Come to think of it, not only is the “engineer” factor a strong player here, but genetics has a role. I finished my Senior recital with Not Getting Married Today from Company. My dear friend, Rachel, played the “choirgirl” and Dan played Paul. They did a great job. My Grandmother (Father’s Mother), however, came up to Rachel after the performance and said, “Were you supposed to be singing off-key – was that part of the song?” What do you say to that? For the record, she was NOT off-key, but it is a comic piece so her part is very over-dramatic. I was offended – luckily Rachel was not (bless her – and while I’m at it bless that little fetus, too).

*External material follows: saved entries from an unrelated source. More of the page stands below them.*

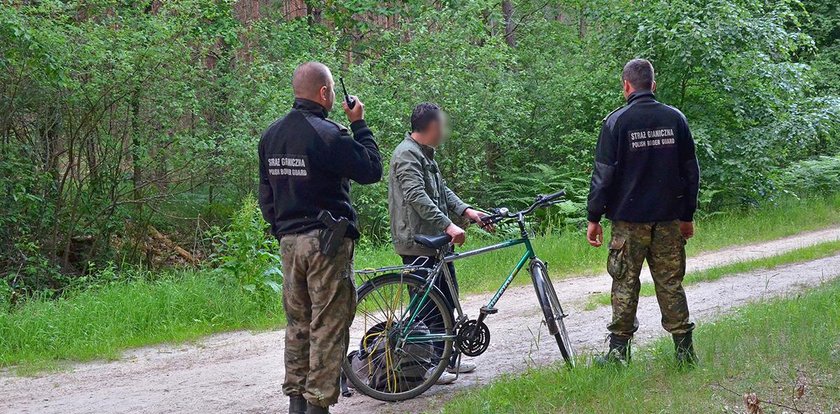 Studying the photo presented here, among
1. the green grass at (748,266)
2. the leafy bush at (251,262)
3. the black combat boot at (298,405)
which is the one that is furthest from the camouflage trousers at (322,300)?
the green grass at (748,266)

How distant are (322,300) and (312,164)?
0.84 meters

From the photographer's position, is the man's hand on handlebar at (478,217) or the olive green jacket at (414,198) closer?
the olive green jacket at (414,198)

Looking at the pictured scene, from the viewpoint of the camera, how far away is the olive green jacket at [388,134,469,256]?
20.9 ft

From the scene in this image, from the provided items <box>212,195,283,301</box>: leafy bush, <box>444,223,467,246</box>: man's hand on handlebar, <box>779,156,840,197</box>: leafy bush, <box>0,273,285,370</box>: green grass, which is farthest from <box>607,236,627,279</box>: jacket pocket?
<box>779,156,840,197</box>: leafy bush

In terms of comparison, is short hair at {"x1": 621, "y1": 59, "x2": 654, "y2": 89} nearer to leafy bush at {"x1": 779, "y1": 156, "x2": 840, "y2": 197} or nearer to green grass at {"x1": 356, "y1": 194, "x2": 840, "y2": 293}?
green grass at {"x1": 356, "y1": 194, "x2": 840, "y2": 293}

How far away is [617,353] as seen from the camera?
6301mm

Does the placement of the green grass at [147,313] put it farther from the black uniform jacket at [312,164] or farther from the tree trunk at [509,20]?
the tree trunk at [509,20]

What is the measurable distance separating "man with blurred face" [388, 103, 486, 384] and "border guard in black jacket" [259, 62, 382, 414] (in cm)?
88

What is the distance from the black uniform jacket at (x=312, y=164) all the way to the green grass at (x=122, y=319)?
12.9ft

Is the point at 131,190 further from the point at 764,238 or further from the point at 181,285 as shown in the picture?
the point at 764,238

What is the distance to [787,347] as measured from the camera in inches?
252

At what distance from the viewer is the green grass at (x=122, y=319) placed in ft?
28.3

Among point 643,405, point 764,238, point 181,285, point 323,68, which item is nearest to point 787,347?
point 643,405

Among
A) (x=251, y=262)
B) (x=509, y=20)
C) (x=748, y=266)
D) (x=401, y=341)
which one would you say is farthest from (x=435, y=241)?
(x=509, y=20) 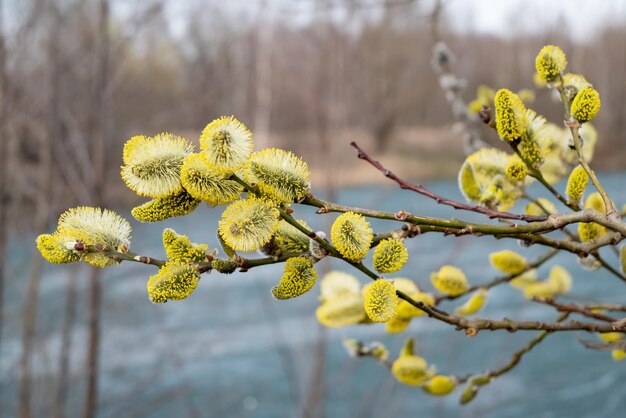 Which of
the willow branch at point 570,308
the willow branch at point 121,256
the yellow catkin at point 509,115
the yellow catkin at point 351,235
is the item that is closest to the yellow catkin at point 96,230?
the willow branch at point 121,256

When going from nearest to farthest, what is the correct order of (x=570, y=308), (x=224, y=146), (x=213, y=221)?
(x=224, y=146) < (x=570, y=308) < (x=213, y=221)

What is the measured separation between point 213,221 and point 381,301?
723 cm

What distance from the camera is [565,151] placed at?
25.8 inches

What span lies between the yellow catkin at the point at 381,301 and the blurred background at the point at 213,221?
0.26 metres

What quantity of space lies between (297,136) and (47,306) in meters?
5.71

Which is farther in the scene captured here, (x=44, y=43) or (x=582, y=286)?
(x=582, y=286)

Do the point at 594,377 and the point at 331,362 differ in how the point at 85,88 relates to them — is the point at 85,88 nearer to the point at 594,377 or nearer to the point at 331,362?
the point at 331,362

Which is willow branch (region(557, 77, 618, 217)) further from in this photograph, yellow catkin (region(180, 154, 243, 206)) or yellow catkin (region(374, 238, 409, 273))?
yellow catkin (region(180, 154, 243, 206))

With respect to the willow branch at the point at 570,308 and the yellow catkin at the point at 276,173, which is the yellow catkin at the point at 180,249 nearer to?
the yellow catkin at the point at 276,173

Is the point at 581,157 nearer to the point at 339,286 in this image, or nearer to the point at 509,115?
the point at 509,115

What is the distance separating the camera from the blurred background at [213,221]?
2195mm

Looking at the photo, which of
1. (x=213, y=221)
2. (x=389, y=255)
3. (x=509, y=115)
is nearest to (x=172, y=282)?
→ (x=389, y=255)

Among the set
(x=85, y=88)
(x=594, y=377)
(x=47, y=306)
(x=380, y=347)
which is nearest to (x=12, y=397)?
(x=47, y=306)

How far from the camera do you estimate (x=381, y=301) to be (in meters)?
0.37
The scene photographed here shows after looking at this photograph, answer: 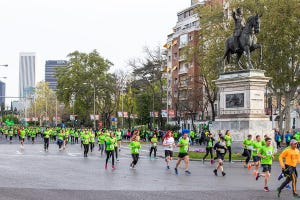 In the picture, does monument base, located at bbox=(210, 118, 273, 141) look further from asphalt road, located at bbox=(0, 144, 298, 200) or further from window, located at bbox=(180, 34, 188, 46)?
window, located at bbox=(180, 34, 188, 46)

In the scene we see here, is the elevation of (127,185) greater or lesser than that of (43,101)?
lesser

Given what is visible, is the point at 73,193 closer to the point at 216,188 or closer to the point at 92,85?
the point at 216,188

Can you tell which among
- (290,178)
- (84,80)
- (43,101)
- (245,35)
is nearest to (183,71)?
(84,80)

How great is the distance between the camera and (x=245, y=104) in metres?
30.8

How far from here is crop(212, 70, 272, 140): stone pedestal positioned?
30.6m

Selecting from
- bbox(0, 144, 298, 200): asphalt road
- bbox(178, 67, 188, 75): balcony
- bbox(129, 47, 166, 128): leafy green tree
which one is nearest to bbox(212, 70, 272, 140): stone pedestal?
bbox(0, 144, 298, 200): asphalt road

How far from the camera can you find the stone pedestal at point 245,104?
30625mm

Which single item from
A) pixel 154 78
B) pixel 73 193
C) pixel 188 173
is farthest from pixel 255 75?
pixel 154 78

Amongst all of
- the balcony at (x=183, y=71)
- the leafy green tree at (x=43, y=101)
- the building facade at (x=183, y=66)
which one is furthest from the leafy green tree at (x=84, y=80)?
the leafy green tree at (x=43, y=101)

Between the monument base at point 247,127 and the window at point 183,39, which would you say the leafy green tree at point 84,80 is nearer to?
the window at point 183,39

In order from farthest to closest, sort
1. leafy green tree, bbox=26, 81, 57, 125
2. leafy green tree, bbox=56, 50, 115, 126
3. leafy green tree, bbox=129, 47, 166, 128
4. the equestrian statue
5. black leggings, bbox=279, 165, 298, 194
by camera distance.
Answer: leafy green tree, bbox=26, 81, 57, 125 < leafy green tree, bbox=56, 50, 115, 126 < leafy green tree, bbox=129, 47, 166, 128 < the equestrian statue < black leggings, bbox=279, 165, 298, 194

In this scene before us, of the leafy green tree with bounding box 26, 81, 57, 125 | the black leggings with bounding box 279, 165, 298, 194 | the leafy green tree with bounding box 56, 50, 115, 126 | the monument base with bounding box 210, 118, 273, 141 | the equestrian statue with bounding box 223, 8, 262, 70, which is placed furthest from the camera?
the leafy green tree with bounding box 26, 81, 57, 125

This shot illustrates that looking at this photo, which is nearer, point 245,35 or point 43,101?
point 245,35

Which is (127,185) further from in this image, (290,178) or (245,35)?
(245,35) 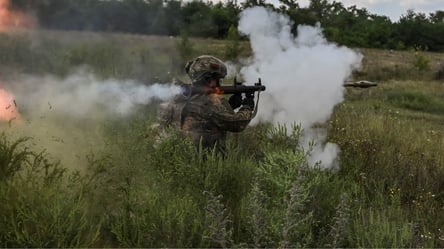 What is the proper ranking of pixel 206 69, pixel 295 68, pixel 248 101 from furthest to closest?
pixel 295 68 → pixel 248 101 → pixel 206 69

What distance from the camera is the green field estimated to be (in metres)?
4.18

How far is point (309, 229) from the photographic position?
15.1 feet

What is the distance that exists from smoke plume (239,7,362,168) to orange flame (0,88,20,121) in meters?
2.94

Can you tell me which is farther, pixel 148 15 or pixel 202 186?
pixel 148 15

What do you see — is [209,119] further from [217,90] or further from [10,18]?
[10,18]

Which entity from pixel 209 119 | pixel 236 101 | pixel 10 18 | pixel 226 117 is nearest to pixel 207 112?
pixel 209 119

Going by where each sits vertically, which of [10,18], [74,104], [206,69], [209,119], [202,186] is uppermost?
[10,18]

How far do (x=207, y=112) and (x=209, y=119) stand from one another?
8 cm

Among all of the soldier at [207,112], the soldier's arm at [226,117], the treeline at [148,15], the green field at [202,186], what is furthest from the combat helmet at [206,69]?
the treeline at [148,15]

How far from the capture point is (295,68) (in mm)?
7305

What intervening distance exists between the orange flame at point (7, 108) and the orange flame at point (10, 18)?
84 centimetres

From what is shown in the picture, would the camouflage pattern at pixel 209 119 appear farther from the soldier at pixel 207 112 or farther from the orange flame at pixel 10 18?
the orange flame at pixel 10 18

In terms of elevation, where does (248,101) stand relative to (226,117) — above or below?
above

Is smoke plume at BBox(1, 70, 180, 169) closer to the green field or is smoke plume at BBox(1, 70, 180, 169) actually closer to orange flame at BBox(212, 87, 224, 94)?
the green field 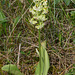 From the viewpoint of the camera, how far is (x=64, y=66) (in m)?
1.28

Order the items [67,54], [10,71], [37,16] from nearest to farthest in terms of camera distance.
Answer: [37,16] → [10,71] → [67,54]

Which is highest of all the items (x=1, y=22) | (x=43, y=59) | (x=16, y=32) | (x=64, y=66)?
(x=1, y=22)

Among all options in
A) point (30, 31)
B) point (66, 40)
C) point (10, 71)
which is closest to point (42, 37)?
point (30, 31)

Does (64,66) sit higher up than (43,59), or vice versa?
(43,59)

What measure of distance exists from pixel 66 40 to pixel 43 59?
0.46m

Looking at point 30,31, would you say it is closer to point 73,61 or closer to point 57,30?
point 57,30

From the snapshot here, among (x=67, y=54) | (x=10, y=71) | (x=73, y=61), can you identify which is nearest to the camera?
(x=10, y=71)

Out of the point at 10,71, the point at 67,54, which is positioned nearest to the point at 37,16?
the point at 10,71

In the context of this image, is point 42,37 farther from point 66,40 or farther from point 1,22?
point 1,22

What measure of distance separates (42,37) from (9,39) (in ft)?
1.30

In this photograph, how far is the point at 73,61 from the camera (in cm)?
127

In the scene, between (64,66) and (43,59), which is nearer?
(43,59)

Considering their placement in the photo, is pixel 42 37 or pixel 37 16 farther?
pixel 42 37

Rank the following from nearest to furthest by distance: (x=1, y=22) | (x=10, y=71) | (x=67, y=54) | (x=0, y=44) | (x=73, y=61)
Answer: (x=10, y=71), (x=73, y=61), (x=67, y=54), (x=0, y=44), (x=1, y=22) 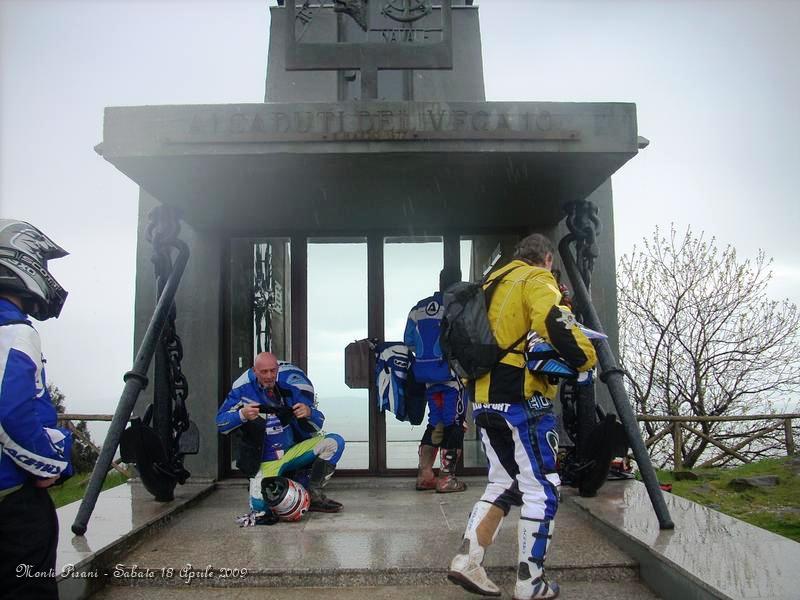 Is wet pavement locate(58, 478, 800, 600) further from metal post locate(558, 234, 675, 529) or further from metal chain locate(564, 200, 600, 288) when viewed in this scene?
metal chain locate(564, 200, 600, 288)

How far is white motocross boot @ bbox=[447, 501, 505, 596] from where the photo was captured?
362cm

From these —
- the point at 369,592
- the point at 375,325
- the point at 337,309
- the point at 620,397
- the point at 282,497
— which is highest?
the point at 337,309

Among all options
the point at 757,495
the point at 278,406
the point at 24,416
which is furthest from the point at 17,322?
the point at 757,495

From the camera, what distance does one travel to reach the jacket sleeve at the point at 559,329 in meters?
3.51

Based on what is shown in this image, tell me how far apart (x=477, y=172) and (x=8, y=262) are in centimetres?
359

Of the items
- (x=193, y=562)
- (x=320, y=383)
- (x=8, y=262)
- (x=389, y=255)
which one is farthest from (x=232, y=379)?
(x=8, y=262)

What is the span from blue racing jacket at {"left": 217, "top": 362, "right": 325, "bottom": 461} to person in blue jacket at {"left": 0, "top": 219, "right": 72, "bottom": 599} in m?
2.36

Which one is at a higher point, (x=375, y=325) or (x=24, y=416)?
(x=375, y=325)

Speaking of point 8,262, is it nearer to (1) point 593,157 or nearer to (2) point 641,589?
(2) point 641,589

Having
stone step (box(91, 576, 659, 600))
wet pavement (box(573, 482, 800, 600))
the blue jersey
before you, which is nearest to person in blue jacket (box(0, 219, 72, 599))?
stone step (box(91, 576, 659, 600))

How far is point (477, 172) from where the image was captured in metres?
5.55

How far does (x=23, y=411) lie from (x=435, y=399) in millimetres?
4287

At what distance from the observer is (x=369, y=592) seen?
396 centimetres

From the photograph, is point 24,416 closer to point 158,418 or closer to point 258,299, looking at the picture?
point 158,418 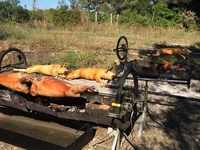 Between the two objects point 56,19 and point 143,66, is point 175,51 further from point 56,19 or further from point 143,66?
point 56,19

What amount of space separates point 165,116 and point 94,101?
141 centimetres

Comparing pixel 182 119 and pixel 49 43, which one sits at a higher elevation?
pixel 49 43

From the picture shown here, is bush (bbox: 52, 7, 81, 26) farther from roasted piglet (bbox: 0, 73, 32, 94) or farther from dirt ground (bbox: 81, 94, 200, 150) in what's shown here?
roasted piglet (bbox: 0, 73, 32, 94)

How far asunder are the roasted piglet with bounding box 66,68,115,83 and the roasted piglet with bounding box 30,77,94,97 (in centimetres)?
102

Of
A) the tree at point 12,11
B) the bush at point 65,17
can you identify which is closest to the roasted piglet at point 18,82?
the tree at point 12,11

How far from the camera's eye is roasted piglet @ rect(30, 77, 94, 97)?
11.3ft

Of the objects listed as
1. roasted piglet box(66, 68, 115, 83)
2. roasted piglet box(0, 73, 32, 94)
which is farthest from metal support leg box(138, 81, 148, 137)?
roasted piglet box(0, 73, 32, 94)

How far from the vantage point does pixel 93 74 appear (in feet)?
15.2

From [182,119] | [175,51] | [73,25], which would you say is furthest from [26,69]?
[73,25]

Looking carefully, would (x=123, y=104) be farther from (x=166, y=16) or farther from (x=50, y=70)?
(x=166, y=16)

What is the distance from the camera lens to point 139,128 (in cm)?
396

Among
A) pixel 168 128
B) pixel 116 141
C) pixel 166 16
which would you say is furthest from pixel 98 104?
pixel 166 16

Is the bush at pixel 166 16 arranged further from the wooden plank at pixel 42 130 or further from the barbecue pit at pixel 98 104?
the wooden plank at pixel 42 130

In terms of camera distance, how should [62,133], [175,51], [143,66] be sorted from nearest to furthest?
[62,133] → [143,66] → [175,51] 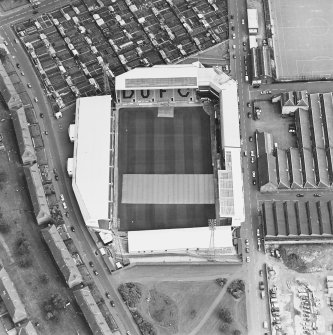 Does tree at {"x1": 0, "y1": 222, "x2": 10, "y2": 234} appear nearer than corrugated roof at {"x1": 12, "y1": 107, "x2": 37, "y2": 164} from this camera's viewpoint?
Yes

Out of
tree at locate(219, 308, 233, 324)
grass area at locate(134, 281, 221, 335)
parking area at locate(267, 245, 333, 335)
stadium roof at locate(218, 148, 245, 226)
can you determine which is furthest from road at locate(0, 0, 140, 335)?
parking area at locate(267, 245, 333, 335)

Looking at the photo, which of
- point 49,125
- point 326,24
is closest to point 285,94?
point 326,24

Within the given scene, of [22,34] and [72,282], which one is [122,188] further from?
[22,34]

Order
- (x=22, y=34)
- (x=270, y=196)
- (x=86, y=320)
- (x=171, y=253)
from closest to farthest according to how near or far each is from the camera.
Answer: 1. (x=86, y=320)
2. (x=171, y=253)
3. (x=270, y=196)
4. (x=22, y=34)

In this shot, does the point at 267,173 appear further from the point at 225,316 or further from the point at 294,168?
the point at 225,316

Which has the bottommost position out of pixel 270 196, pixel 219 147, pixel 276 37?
pixel 270 196

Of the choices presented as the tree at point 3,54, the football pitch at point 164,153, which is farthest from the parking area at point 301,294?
the tree at point 3,54

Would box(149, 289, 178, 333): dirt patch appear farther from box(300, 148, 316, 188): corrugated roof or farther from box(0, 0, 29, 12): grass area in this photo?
box(0, 0, 29, 12): grass area
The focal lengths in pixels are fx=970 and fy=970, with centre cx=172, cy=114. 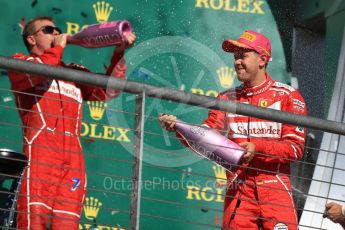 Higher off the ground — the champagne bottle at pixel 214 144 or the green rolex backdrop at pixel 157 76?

Ah well, it’s all Locks of Love and hair dye under the bridge. I used to braid my hair every night before bed like a Jane Austen heroine. I used to be able to put ALL my hair in a ponytail. And my tresses USED to be this colour:
I'm CRAZY rose head!  I'm CRAZY and I have a rose on my head and I need some CANDY!

The elaborate rose-entwined coiffure was Bronwen’s doing. We were at a funeral in Canada, after all… (?) She used to say I had “pirate hair.” Having once been a pirate (complete with eye patch and pistol), I say, “Aaaaarrrrrgh!”

My pirate hair days are definitely over. Now, I look like Goth Strawberry Shortcake!!! I could start a diatribe about the untimely resurrection of all these cartoon characters that I thought had gone to their well-earned DEMISE, but that’s a story for another time.

NOTE: Internet Explorer people, I PROMISE I am still trying to fix the whole wiggy stupid column situation. In the meantime, why don’t you just get Firefox? It’s the super-bestest, anyway (those being the highly-technical computer terms for its product superiority). If you don’t believe ME, listen to Chris. He’s a technophile AND an artiste.